» **YOUR TASK**
Give back every record below word for word, with the pictures omitted.

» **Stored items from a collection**
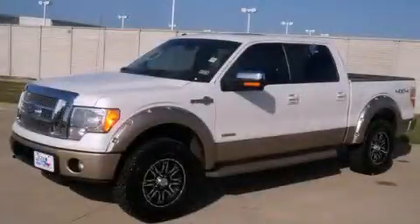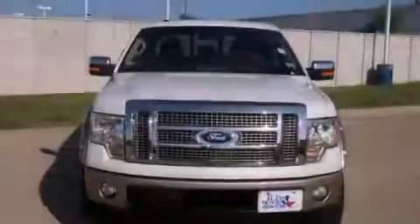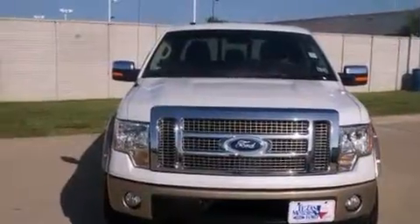This is a 2011 Ford F-150. Whether hauling, commuting, or towing, this truck is the right one for you.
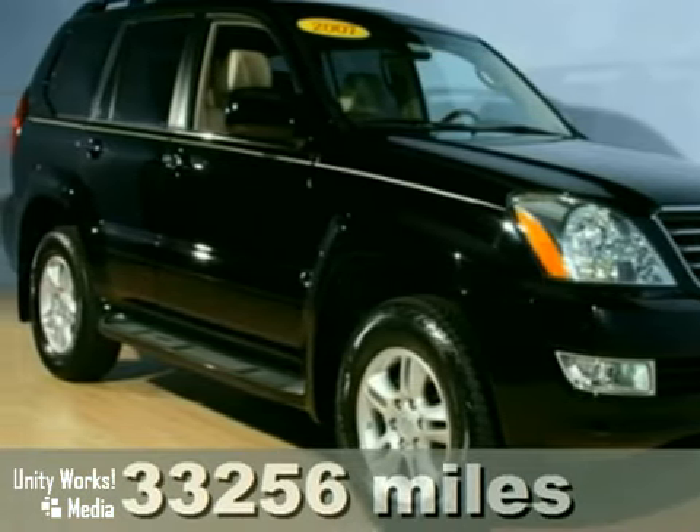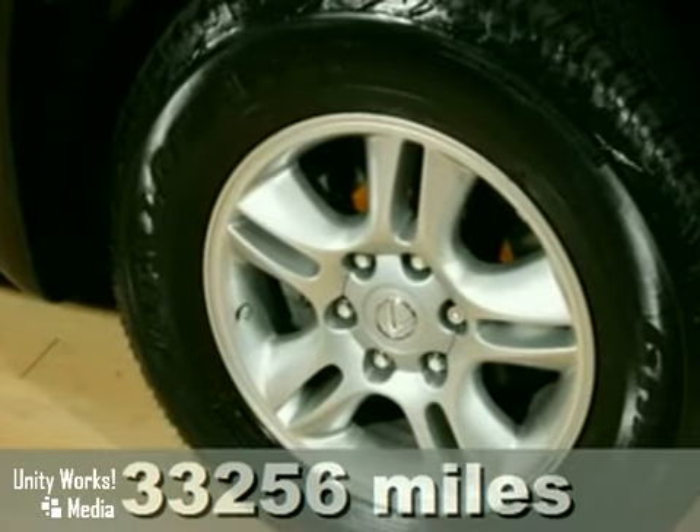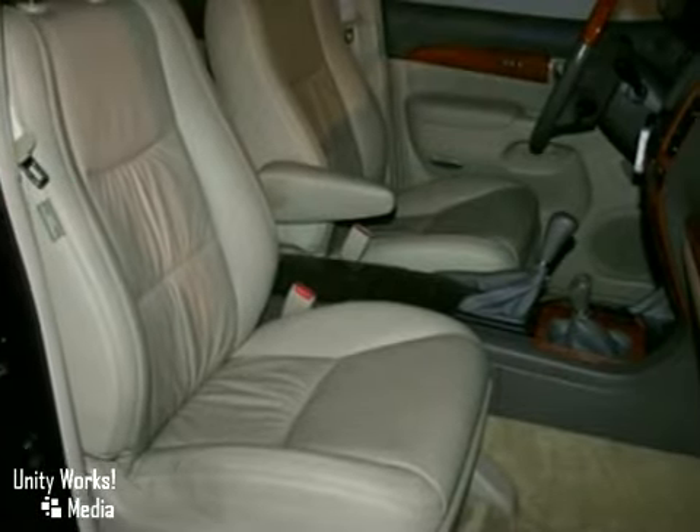We think you'll like this 2007 Lexus GX470. It features a factory warranty, Bluetooth wireless, and keyless entry. It also has power heated leather seats, navigation system, and a luggage rack.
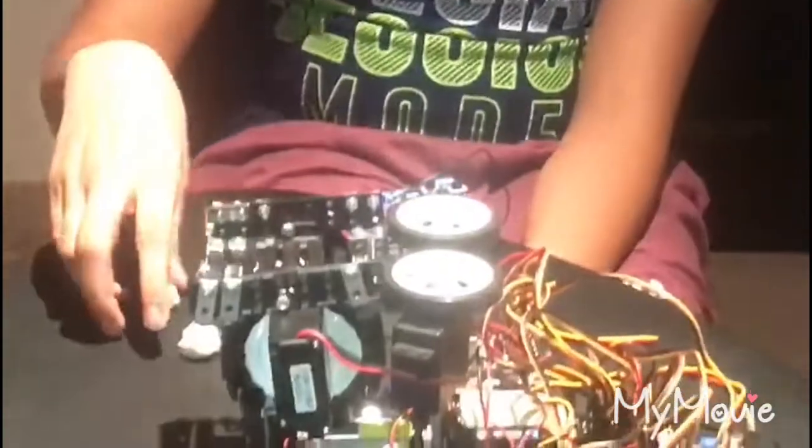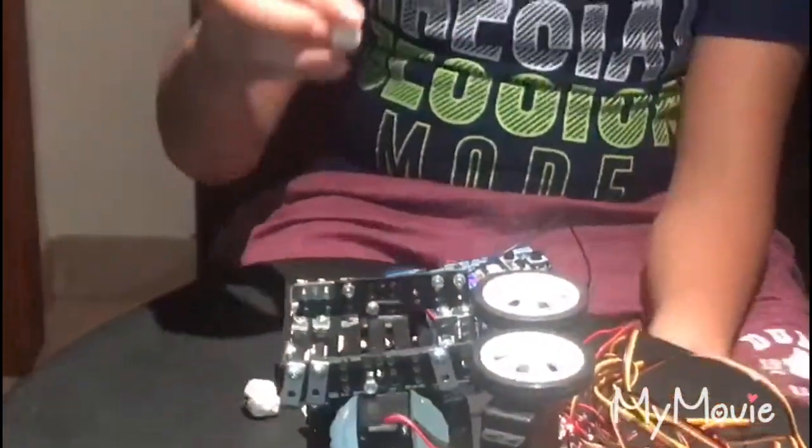Hello everyone, welcome to Robotics 101. Are you ready for the raffle draw? I think you will like it. In Dubai, most of the raffle draws we see, the winners are being chosen by VIPs. Now let me take you through an amazing journey of my raffle draw. To begin with, I have these lot balls and they are numbered.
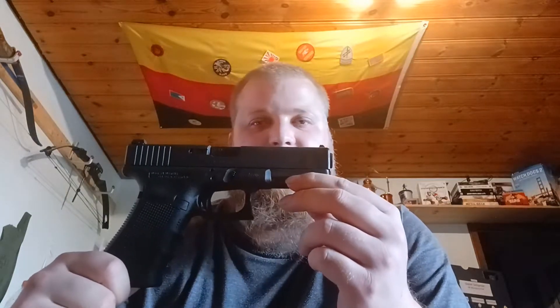Ich stelle sie trotzdem vor, weil ich es kann. Sie ist eine meiner ersten Waffen gewesen und definitiv eine der Waffen mit der höchsten Schussbelastung bei mir. Sie ist auch definitiv eine meiner zuverlässigsten Waffen, die ich überhaupt besitze. Probleme mit der Glock hatte ich tatsächlich noch nie — und ich habe sie schon mit allem Möglichen gefüttert, munitionstechnisch. Aber dazu komme ich.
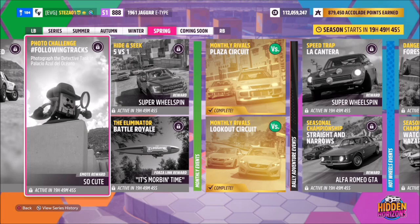Hello and welcome back to the channel. This week's photo challenge guide is called Following Tracks, which wants you to photograph the detective tank at Palacio Azul del Oceano. I've pre-recorded my video so the actual tank won't show, but I know exactly where this is so do not fear.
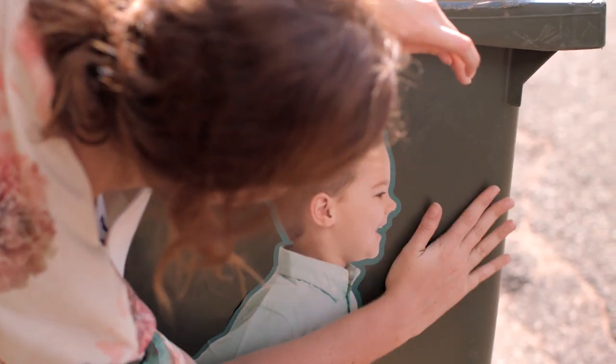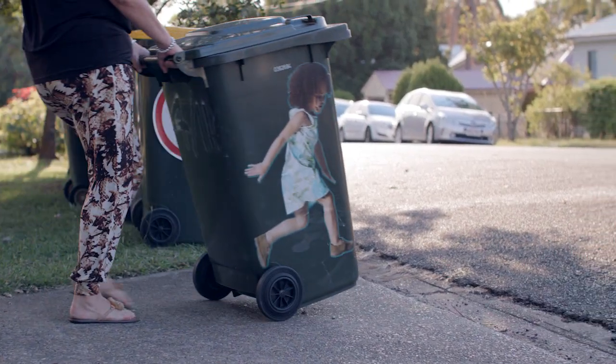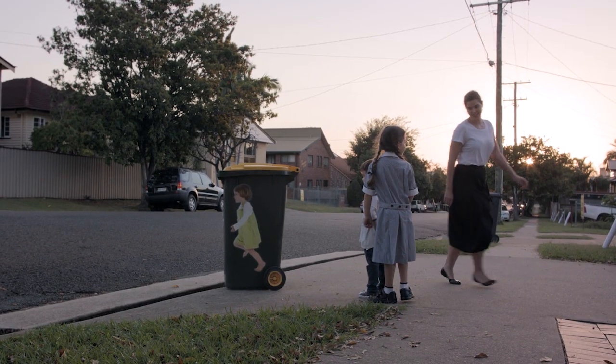Just stick them onto your wheelie bin, and if you live in a 50 zone, attach the speed limit sign too — a reminder to watch out wherever the bins are wheeled out. It's a little way you can help to keep the little ones safe.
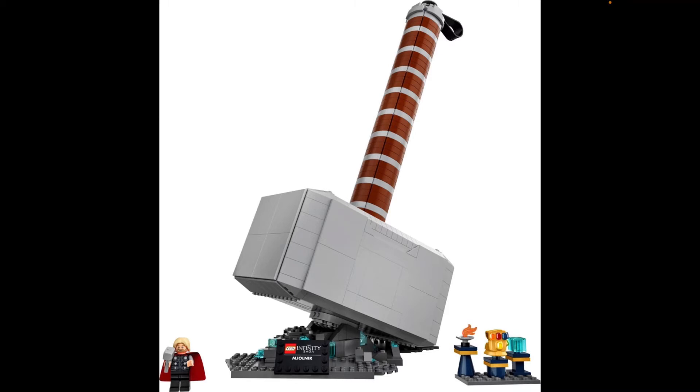You can display it upright if you want to, or play around with it. It is an 18+ set for collectors. I like the handle and the wrist strap in black.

» **SOLUTION FOR THIS PROBLEM**
This is a 2011 Ford F-150. Whether hauling, commuting, or towing, this truck is the right one for you.
We think you'll like this 2007 Lexus GX470. It features a factory warranty, Bluetooth wireless, and keyless entry. It also has power heated leather seats, navigation system, and a luggage rack.
Hello everyone, welcome to Robotics 101. Are you ready for the raffle draw? I think you will like it. In Dubai, most of the raffle draws we see, the winners are being chosen by VIPs. Now let me take you through an amazing journey of my raffle draw. To begin with, I have these lot balls and they are numbered.
Ich stelle sie trotzdem vor, weil ich es kann. Sie ist eine meiner ersten Waffen gewesen und definitiv eine der Waffen mit der höchsten Schussbelastung bei mir. Sie ist auch definitiv eine meiner zuverlässigsten Waffen, die ich überhaupt besitze. Probleme mit der Glock hatte ich tatsächlich noch nie — und ich habe sie schon mit allem Möglichen gefüttert, munitionstechnisch. Aber dazu komme ich.
Hello and welcome back to the channel. This week's photo challenge guide is called Following Tracks, which wants you to photograph the detective tank at Palacio Azul del Oceano. I've pre-recorded my video so the actual tank won't show, but I know exactly where this is so do not fear.
Just stick them onto your wheelie bin, and if you live in a 50 zone, attach the speed limit sign too — a reminder to watch out wherever the bins are wheeled out. It's a little way you can help to keep the little ones safe.
You can display it upright if you want to, or play around with it. It is an 18+ set for collectors. I like the handle and the wrist strap in black.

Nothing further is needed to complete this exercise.